*WHAT YOU WILL DO*. Since pictures are not part of the copy, please output only the lines from the one with "Peut inclure: Gants" through the end of the data below, exactly as written.

[Dataset records]
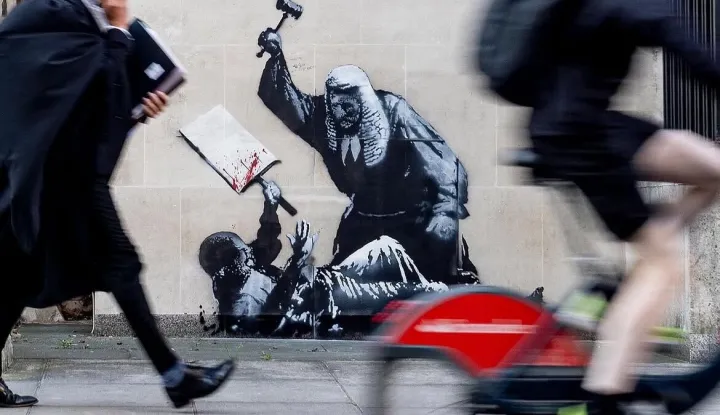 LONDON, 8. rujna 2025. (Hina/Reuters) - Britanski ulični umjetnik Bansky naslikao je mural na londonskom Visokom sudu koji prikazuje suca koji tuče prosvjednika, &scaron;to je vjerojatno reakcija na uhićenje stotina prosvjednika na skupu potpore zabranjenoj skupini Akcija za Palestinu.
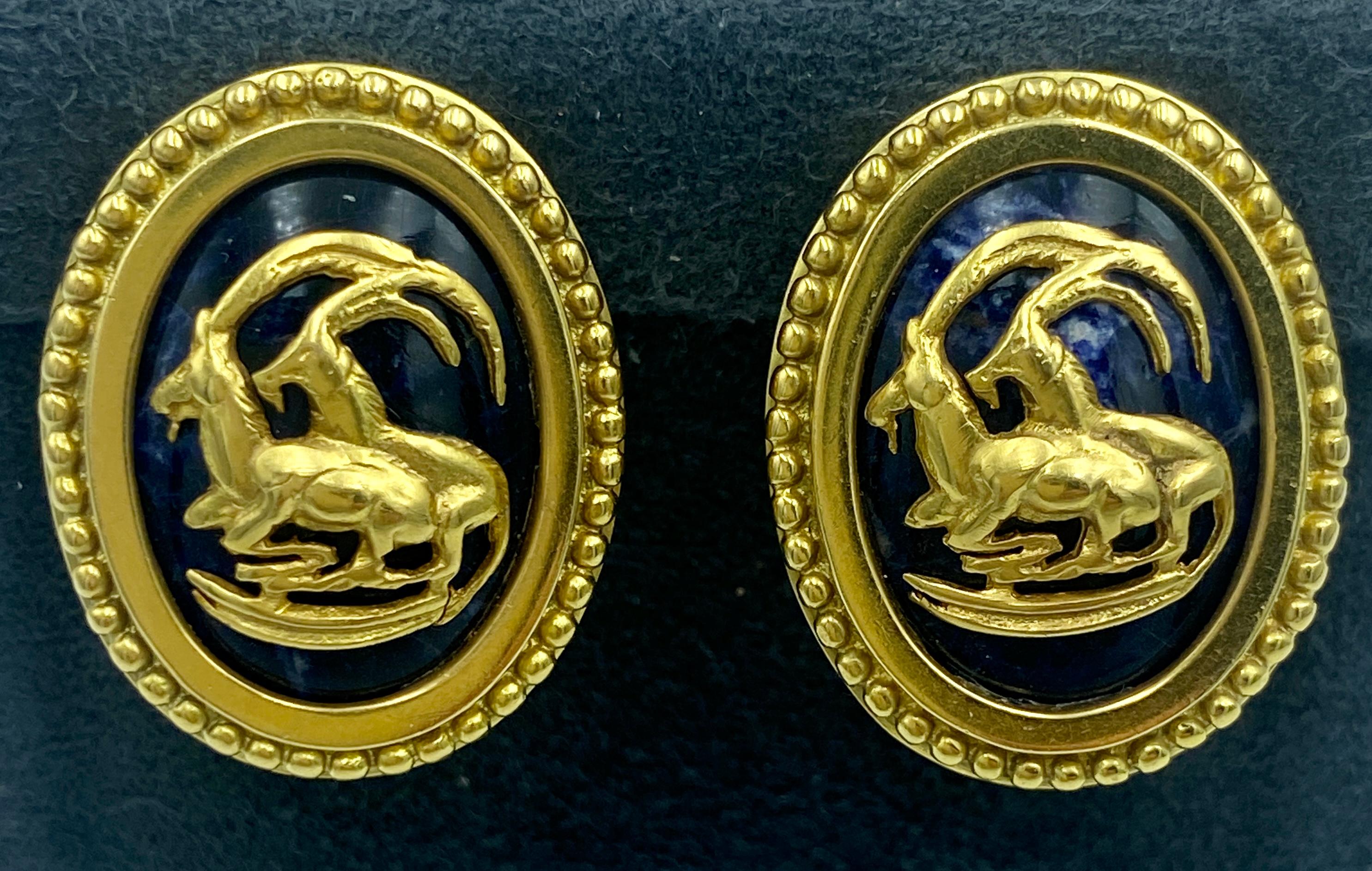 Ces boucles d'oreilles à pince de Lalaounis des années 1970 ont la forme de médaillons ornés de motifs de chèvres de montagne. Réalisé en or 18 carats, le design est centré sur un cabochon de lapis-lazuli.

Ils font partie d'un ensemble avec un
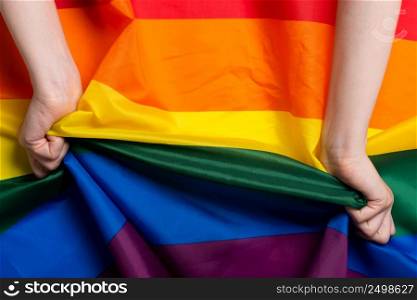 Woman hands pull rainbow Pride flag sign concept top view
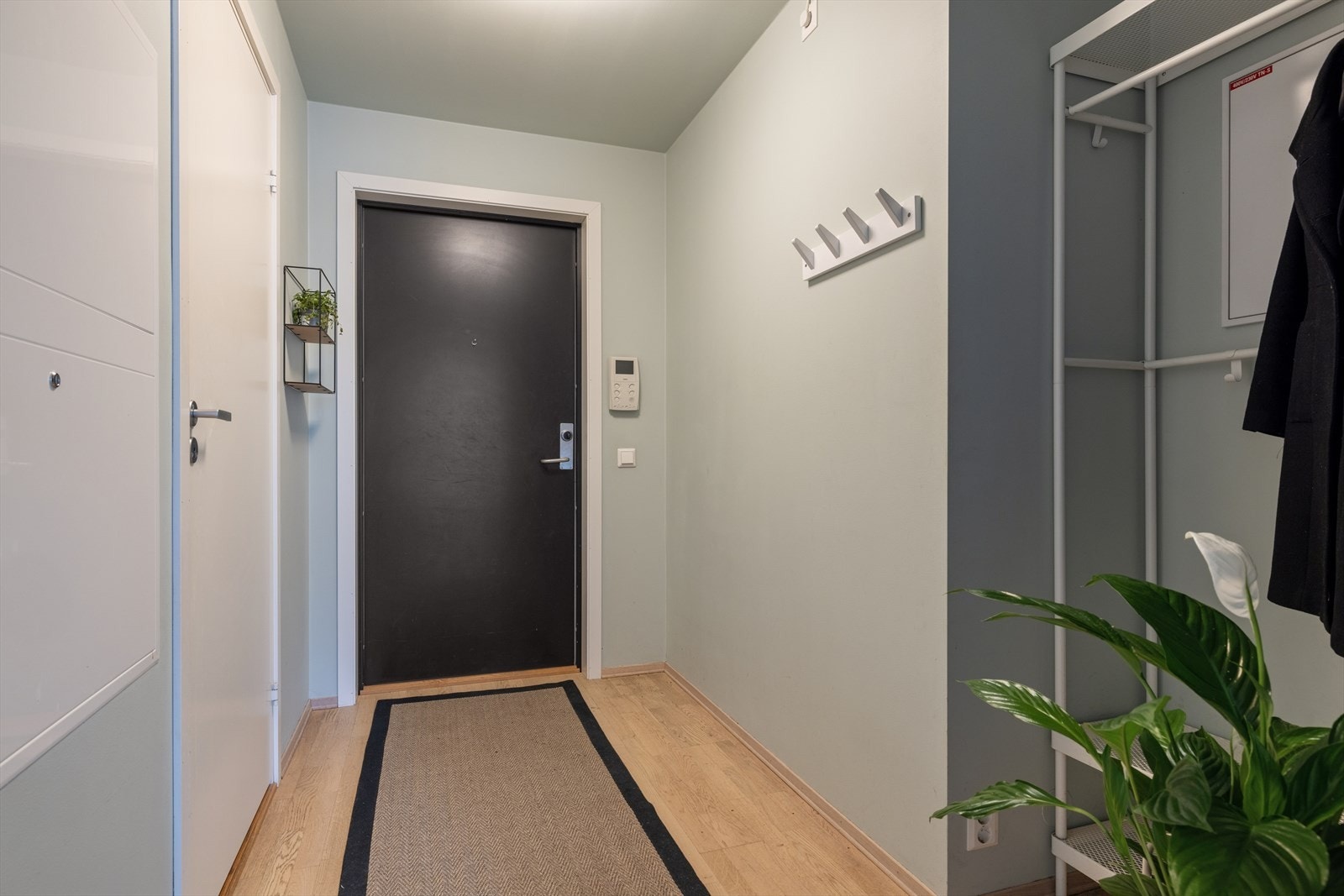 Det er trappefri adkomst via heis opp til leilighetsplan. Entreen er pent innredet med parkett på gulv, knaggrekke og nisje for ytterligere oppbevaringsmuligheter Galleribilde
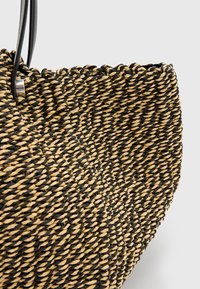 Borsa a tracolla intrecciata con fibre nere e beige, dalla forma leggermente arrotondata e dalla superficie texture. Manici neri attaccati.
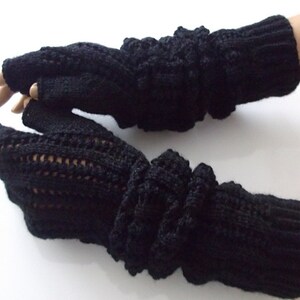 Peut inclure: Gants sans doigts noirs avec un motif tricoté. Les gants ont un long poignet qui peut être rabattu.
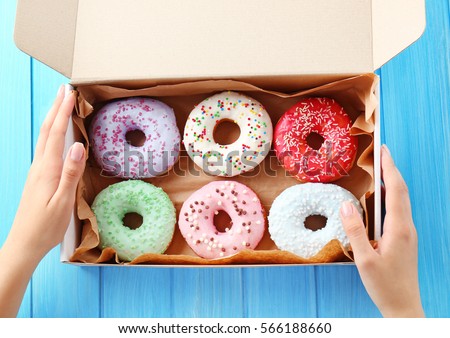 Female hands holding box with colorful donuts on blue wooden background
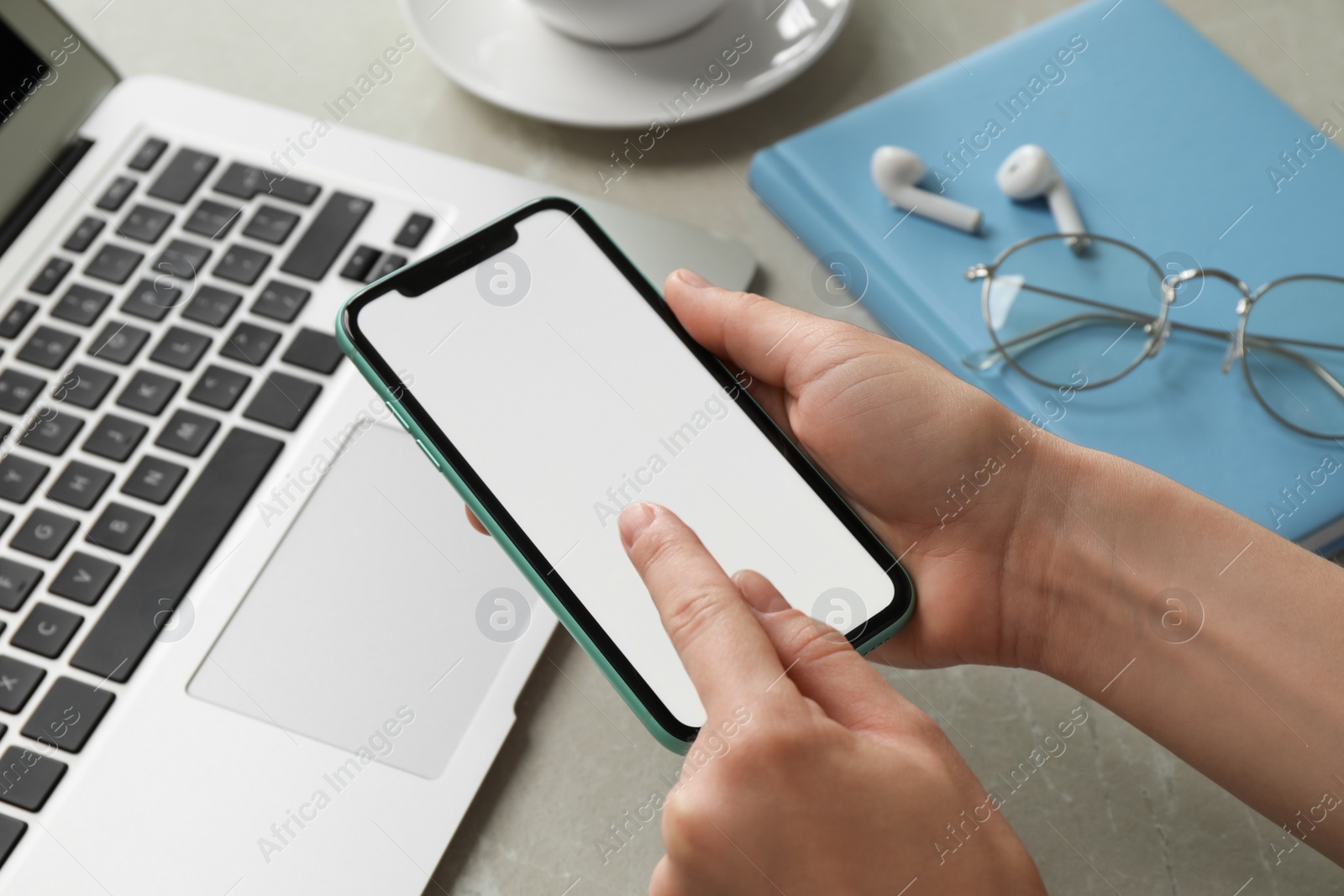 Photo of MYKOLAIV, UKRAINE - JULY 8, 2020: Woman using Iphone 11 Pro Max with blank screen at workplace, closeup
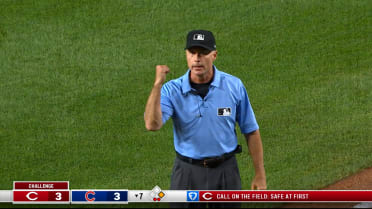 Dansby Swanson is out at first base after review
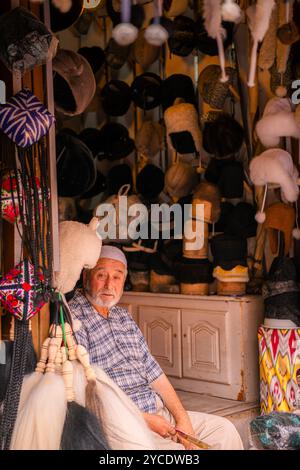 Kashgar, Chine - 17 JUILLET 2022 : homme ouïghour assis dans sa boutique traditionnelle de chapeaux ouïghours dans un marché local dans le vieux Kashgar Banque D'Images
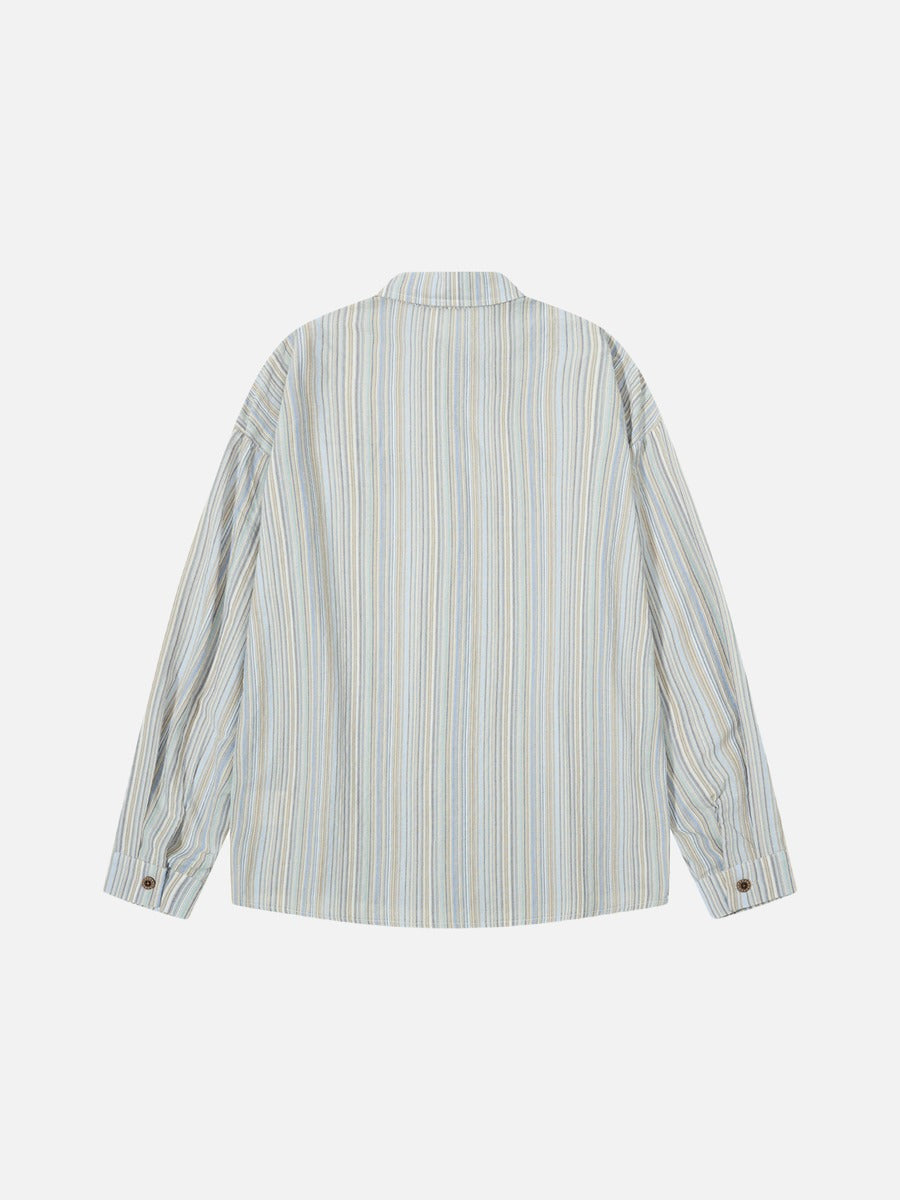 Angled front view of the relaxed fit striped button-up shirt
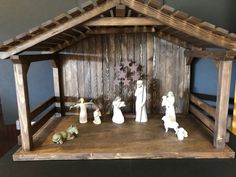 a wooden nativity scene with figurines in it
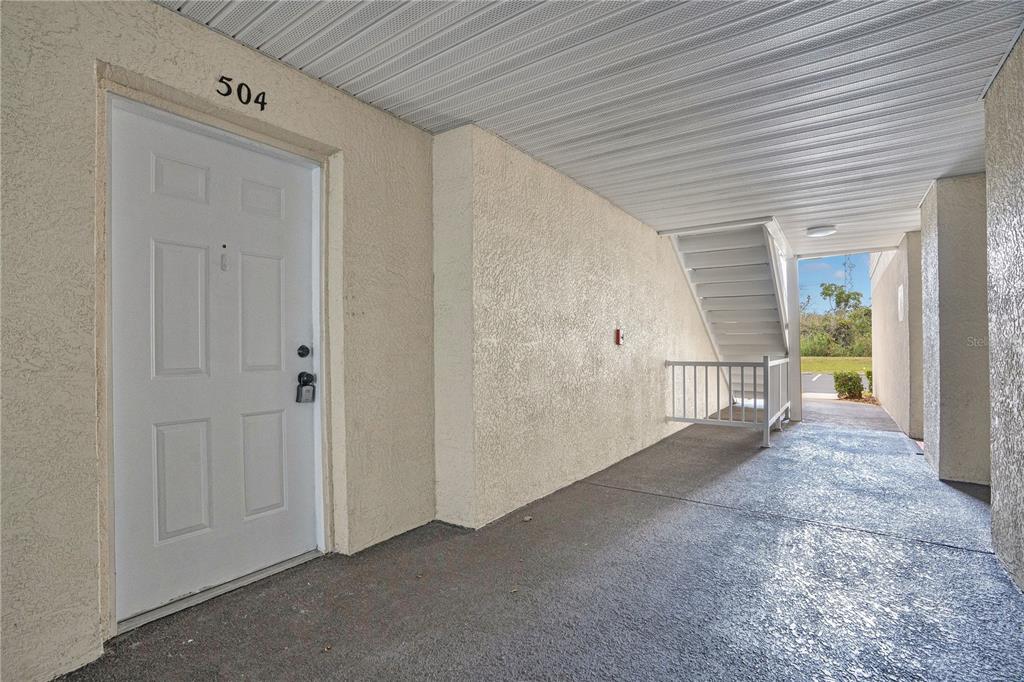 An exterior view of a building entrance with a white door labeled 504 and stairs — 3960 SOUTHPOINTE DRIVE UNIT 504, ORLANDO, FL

*SOLUTION TO THE PROBLEM*.
 Peut inclure: Gants sans doigts noirs avec un motif tricoté. Les gants ont un long poignet qui peut être rabattu.
 Female hands holding box with colorful donuts on blue wooden background
 Photo of MYKOLAIV, UKRAINE - JULY 8, 2020: Woman using Iphone 11 Pro Max with blank screen at workplace, closeup
 Dansby Swanson is out at first base after review
 Kashgar, Chine - 17 JUILLET 2022 : homme ouïghour assis dans sa boutique traditionnelle de chapeaux ouïghours dans un marché local dans le vieux Kashgar Banque D'Images
 Angled front view of the relaxed fit striped button-up shirt
 a wooden nativity scene with figurines in it
 An exterior view of a building entrance with a white door labeled 504 and stairs — 3960 SOUTHPOINTE DRIVE UNIT 504, ORLANDO, FL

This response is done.